English majors find freedom in online publishing


CW/ Kallie Chabla

Leah Goggins | @leahisonline, Staff Reporter

It was the holy triumvirate of Bella Swan, Edward Cullen and Jacob Black which first led Abbigail Wester-Johnson to the shore of the unrelenting ocean that is online fiction writing. The junior majoring in English and political science was in middle school when she began reading stories on Wattpad, which offered an “insane number of ‘Twilight’ fan fictions,” Wester-Johnson said. “Some of them were pretty well-written, too.”

Wattpad is a multi-platform social media community that encourages users to publish stories that can be read for free by other community members. Wattpad’s flagship app now boasts more than 500 million uploads from its user base of more than 70 million people, according to the company’s website.

In high school, junior English major Amanda Kate Jones struggled to find and purchase all the books needed to sate her reader’s appetite, so she turned to Wattpad. For Jones, the app was an easy way to read the genres she loved at a price she could afford.

“My greatest struggle reading growing up was never having enough money to read all that I wanted, so I enjoyed having free books at my thumbs,” Jones said.

Though it is perhaps the most prolific, Wattpad isn’t the only publishing platform that has drawn in UA English students. When she was younger, Wester-Johnson also read fiction on Quizilla, a quiz website that morphed into a fan-fiction repository before being shut down in 2014. Another popular hideaway is Archive of Our Own, sometimes referred to as AO3, a website run by the Organization for Transformative Works, a nonprofit that seeks to preserve and legitimize “fanworks and fan culture in its myriad forms,” according to the organization’s website.

Freshman English student Elena House occasionally reads stories on AO3, where “there is a larger pool of LGBT representation in [fictions],” House said. She also cited more accurate and well-rounded depictions of young people, which she attributes to the youth of those who write fan fictions on the platform. To House’s point, the vast majority of writers on AO3 are younger than 30, according to an informal, Tumblr-helmed 2013 census of the users. One of those writers, in fact, includes herself.

“I’ve [written fan fiction] as a joke; I’ve done it seriously,” House said. “It feels nice when writing longer pieces to just take a break and write drabbles about characters who already exist in the public eye.”

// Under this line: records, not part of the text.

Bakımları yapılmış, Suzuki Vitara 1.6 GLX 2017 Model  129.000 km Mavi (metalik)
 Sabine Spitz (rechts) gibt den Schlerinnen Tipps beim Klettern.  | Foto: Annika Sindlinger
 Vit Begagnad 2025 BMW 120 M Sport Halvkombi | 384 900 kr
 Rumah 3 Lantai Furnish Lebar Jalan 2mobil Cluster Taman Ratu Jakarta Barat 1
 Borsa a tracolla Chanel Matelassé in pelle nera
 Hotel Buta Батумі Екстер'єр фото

Jones, too, has published her work online through Wattpad.

“I love the idea of putting my work out there to be read, but I’m really self conscious about the works I put the most time and effort into,” Jones said.

Wester-Johnson, who plans on bringing a young adult dystopian novel to Wattpad in 2019, has never uploaded an original work online before, but she recognizes the importance that such platforms have for young readers and writers.

I think [online publishing platforms] are very important for people of all ages that want to be writers but don’t necessarily have the knowledge or skill to become published yet,” Wester-Johnson said. “It’s also a great way to build a base of readers to make publishing in the future easier. It was also important to me because it allowed me to read hundreds of stories I would otherwise not have had access to.”

Though fan fictions and self-published online stories may seem totally separate from the world of traditional trade book publishing, many authors have made careers out of their online work. “The Kissing Booth,” a 2018 Netflix original movie starring Joey King and Molly Ringwald, is based on a novel of the same name by Beth Reekles. Reekles, a 20-year-old romance author, has been published by traditional presses four times after being discovered on Wattpad.

Reekles published the novel “The Kissing Booth” on Wattpad at 15 years old, and she isn’t the only young writer to use the website as a slingshot into paid writing. In 2013, when Anna Todd was just 24, she published “After” on Wattpad. “After,” whose main characters were college student Tessa Young and One Direction band member Harry Styles, spiraled into a series that garnered hundreds of millions of views. Todd quickly signed deals with Simon & Schuster and Paramount Pictures, which will release a movie based on “After” in April.

When Reekles and Todd published their respective novels on Wattpad, it’s likely that they inspired their millions of readers to try writing themselves.

“When readers see a writer putting themselves out there in this way, they are more likely to want to put themselves out there in a similar way,” Jones said.

If content continues to inspire content, perhaps Wattpad readers can look forward to reading and writing their fan fictional sequels to “After.” In this world of remixes, remasters and reinterpretations, maybe fan fictions based on fan fictions are not so fantastical.